Friday, March 21, 2003
The second case to be argued Monday is a death penalty case, about the constitutional right to effective assistance of competent counsel. The case is Wiggins v. Smith. The U.S. Court of Appeals for the Fourth Circuit upheld the conviction and death sentence. The Supreme Court agreed to hear the case, but only as to the sentence (and not the conviction itself).
Here's the deal in a nutshell (which is a nice way of saying "somewhat oversimplified"). As you probably know, in a case involving a potential death sentence, the trial unfolds in two phases: guilt and penalty. If the defendant is convicted, then in the penalty phase there is additional evidence on the existence (or not) of "aggravating" or "mitigating" circumstances, leading to a decision on whether to impose a death sentence. Mitigating circumstances often include such things as the defendant's personal history, including abuse suffered during childhood. And as you also probably know, you have a constitutional right to the effective assistance of counsel, a constitutional entitlement to some level of competence in your defense.
Wiggins claims – and the federal trial court, reviewing his state-imposed death sentence, agreed – that his right to effective assistance of counsel was denied, when his lawyer not only failed to offer any "mitigation" evidence in the penalty phase, but furthermore did so without having made any investigation into what mitigation-type evidence might exist. But the Fourth Circuit – with a panel including possible Supreme Court nominee Judge Wilkinson – reversed, upholding the death sentence. They described the lawyer's failure even to investigate possible mitigation evidence as a "reasonable strategic decision".
Weighing in Wiggins's favor, here, are two main things: (1) the Supreme Court's decision in Williams v. Taylor (2000), which granted habeas corpus relief to a death row prisoner on the grounds that his lawyer had been ineffective in failing to obtain mitigation evidence; and (2) amicus briefs filed by the American Bar Ass'n and various former prosecutors including Janet Reno. If Wiggins can keep either Justice O'Connor or Justice Kennedy – both of whom voted for Williams in the earlier case – then he wins.

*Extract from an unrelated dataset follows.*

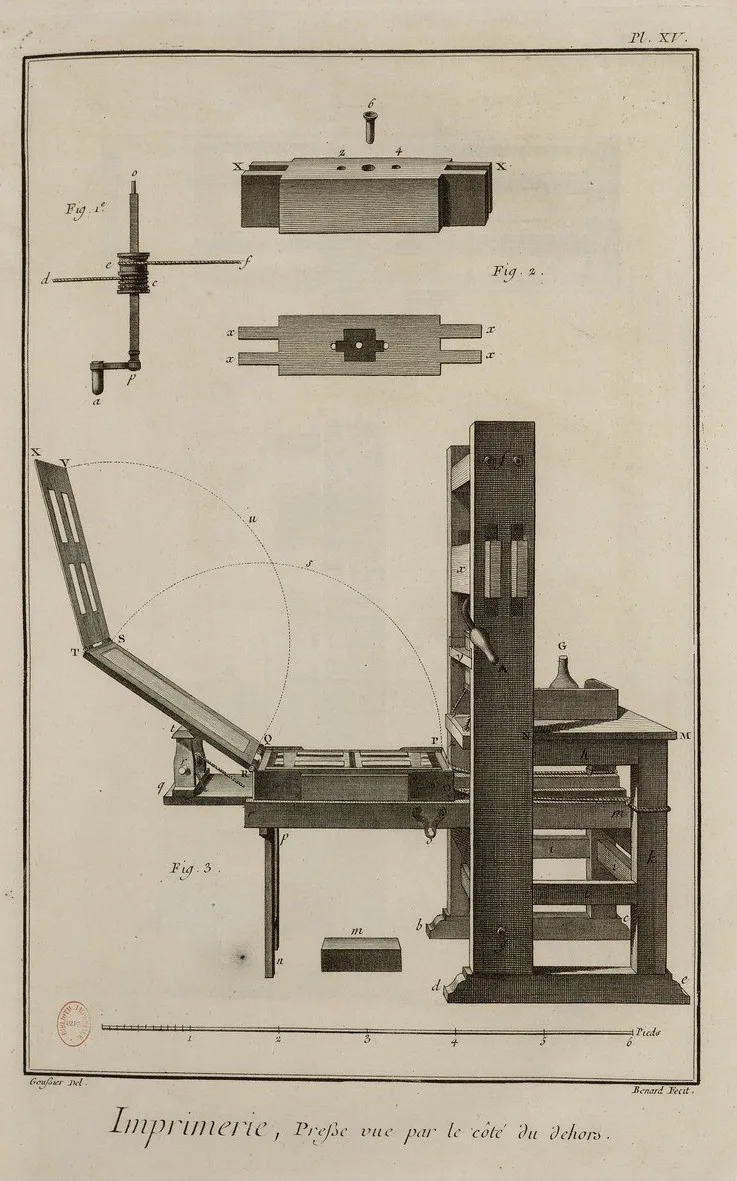 Planche de l'Encyclopédie : la presse d'imprimerie vue de l'extérieur.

The Fourth Circuit, though, said that this case was different from Williams in that (they said) Wiggins's lawyer made a sensible strategic decision not to investigate possible mitigation evidence, whereas Williams's lawyer, in the earlier case, failed to investigate such evidence because he didn't realize he could. Does that distinction hold up? Certainly not in my mind; unless there is some special reason to believe that Wiggins's lawyer could not have done at least an initial investigation of possible mitigation evidence and done whatever else he thought was important too, the idea of "a reasonable strategic decision not to investigate the sort of thing that often makes the difference in death penalty cases" sounds nonsensical to me. Mitigation evidence is absolutely critical in many capital cases; it simply makes no sense to decide not to investigate for such evidence. Reversal seems to me the obviously correct outcome.

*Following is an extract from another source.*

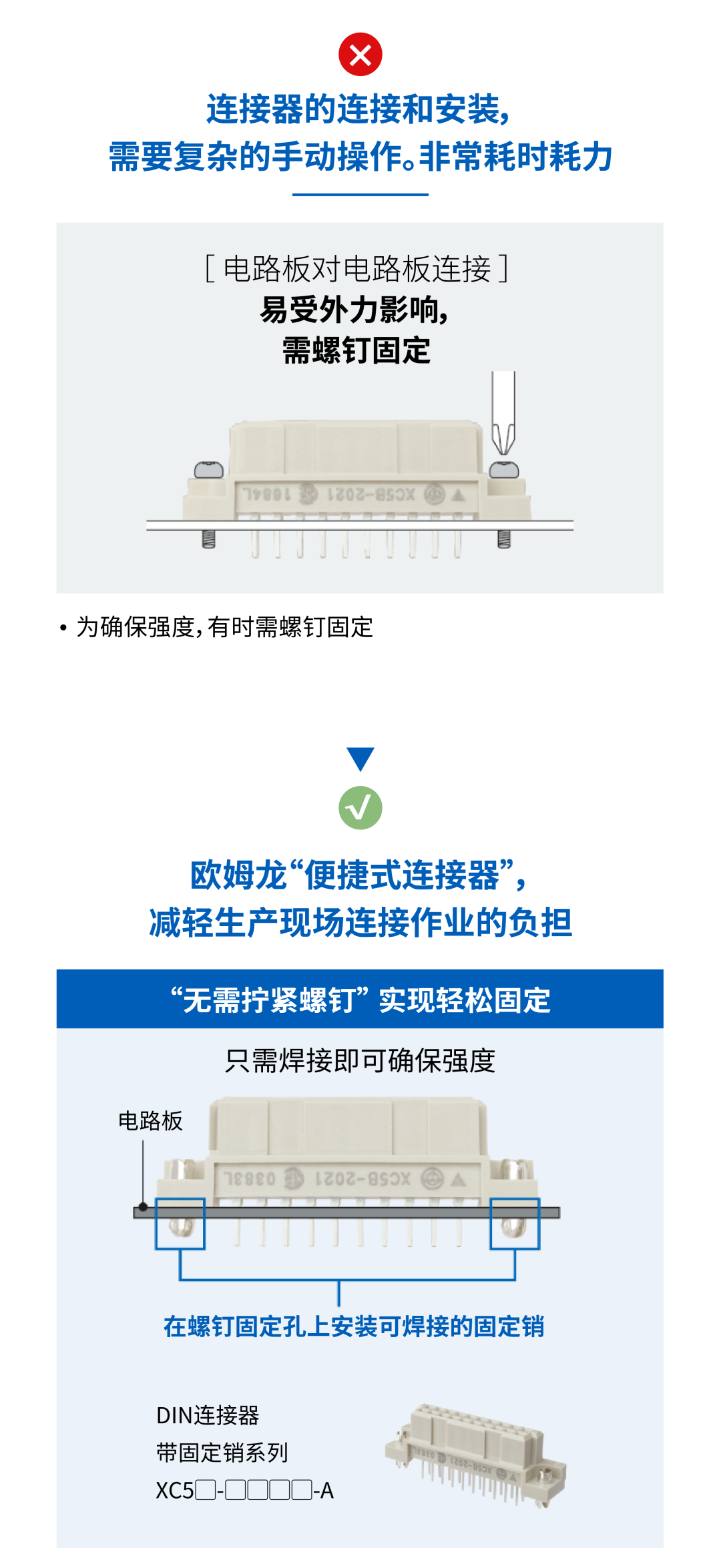 告别繁琐连接作业，真正实现自动化的欧姆龙连接器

What's weighing, though, in favor of affirmance? Two things: (a) the very difficult-to-meet legal standard applicable to federal habeas corpus claims, in which it must be shown not only that the state court's decision was wrong but that it was, beyond just being wrong, unreasonable. (This is an oversimplification, but it gets the gist about right; see this recent case); and (b) the Supreme Court's general high regard for the judges on the Fourth Circuit. Why does (b) matter? Because the panel in this case didn't just rule for the State by saying that the state court's decision was reasonable (even if perhaps wrong); they at least implied, and as I read it they in fact said pretty much, "We think that the state court was right; the lawyer made a reasonable strategic decision to forego investigation." So, in order to rule for Wiggins, five Justices would have to say, more or less, "The panel's understanding of this aspect of the Constitution is beyond wrong; it's not even reasonable." And some Justices might be less likely to do that, because they don't think of the conservative Fourth Circuit judges as unreasonable people.
How does this come out? A very hard call, but I'm betting on a reversal here. After all, Justice O'Connor is on record as being concerned with the fairness of death penalty proceedings; and you can't have fairness unless you have lawyers who do reasonable investigation into the facts before making absolutely crucial strategic decisions. So I say, with much trepidation, REVERSE.